• **Exercise**: Would you output the entries below only from the line containing "Human knee joint, artwork View" through the line containing "Epic Art 'Red", exactly as they stand and with both ends included?

• **Data provided**:
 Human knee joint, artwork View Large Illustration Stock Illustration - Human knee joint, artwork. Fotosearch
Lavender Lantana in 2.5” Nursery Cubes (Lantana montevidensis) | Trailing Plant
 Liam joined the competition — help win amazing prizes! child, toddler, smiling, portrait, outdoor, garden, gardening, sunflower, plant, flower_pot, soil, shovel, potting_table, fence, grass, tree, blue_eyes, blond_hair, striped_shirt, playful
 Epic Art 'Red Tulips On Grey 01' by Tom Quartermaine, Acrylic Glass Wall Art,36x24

--

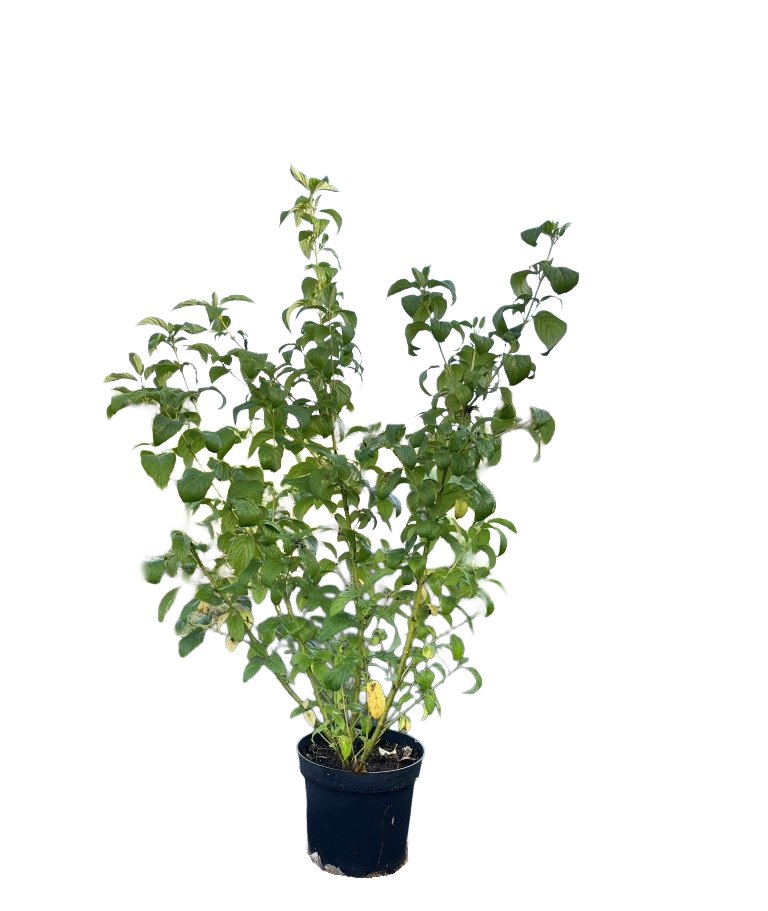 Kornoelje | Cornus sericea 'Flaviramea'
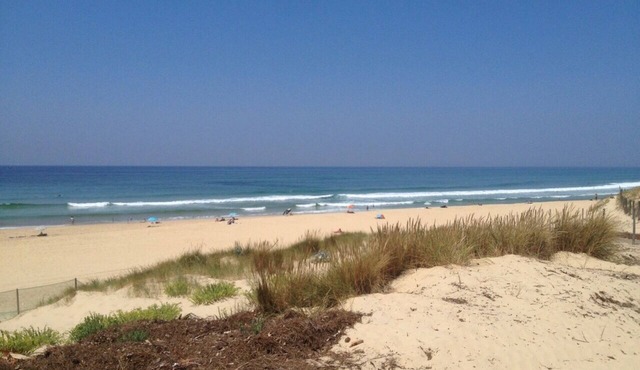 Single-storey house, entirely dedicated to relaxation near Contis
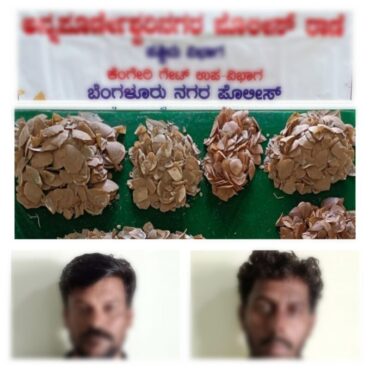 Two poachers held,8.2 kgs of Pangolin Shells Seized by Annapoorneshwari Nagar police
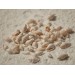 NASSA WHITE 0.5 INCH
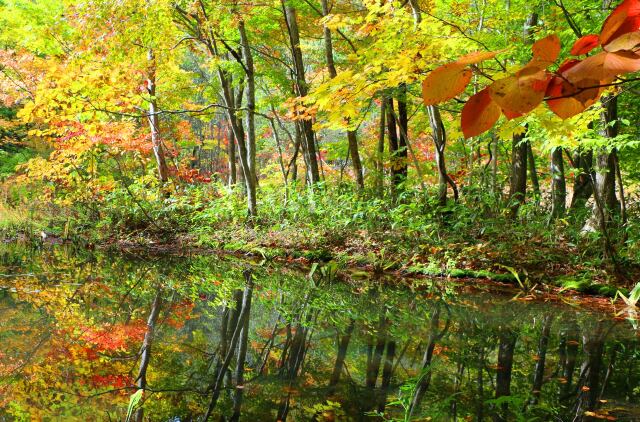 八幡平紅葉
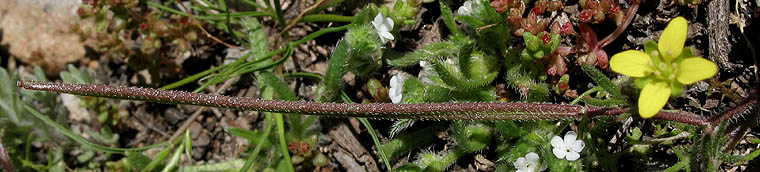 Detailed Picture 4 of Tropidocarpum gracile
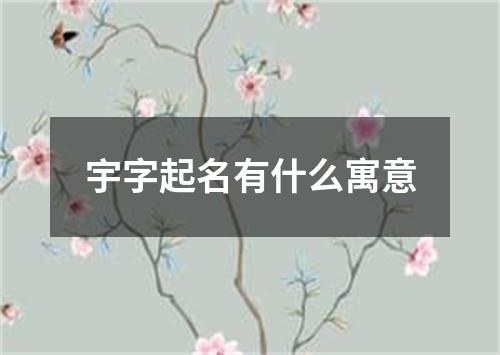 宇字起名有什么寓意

• **Answer to the problem**:
 Human knee joint, artwork View Large Illustration Stock Illustration - Human knee joint, artwork. Fotosearch
Lavender Lantana in 2.5” Nursery Cubes (Lantana montevidensis) | Trailing Plant
 Liam joined the competition — help win amazing prizes! child, toddler, smiling, portrait, outdoor, garden, gardening, sunflower, plant, flower_pot, soil, shovel, potting_table, fence, grass, tree, blue_eyes, blond_hair, striped_shirt, playful
 Epic Art 'Red Tulips On Grey 01' by Tom Quartermaine, Acrylic Glass Wall Art,36x24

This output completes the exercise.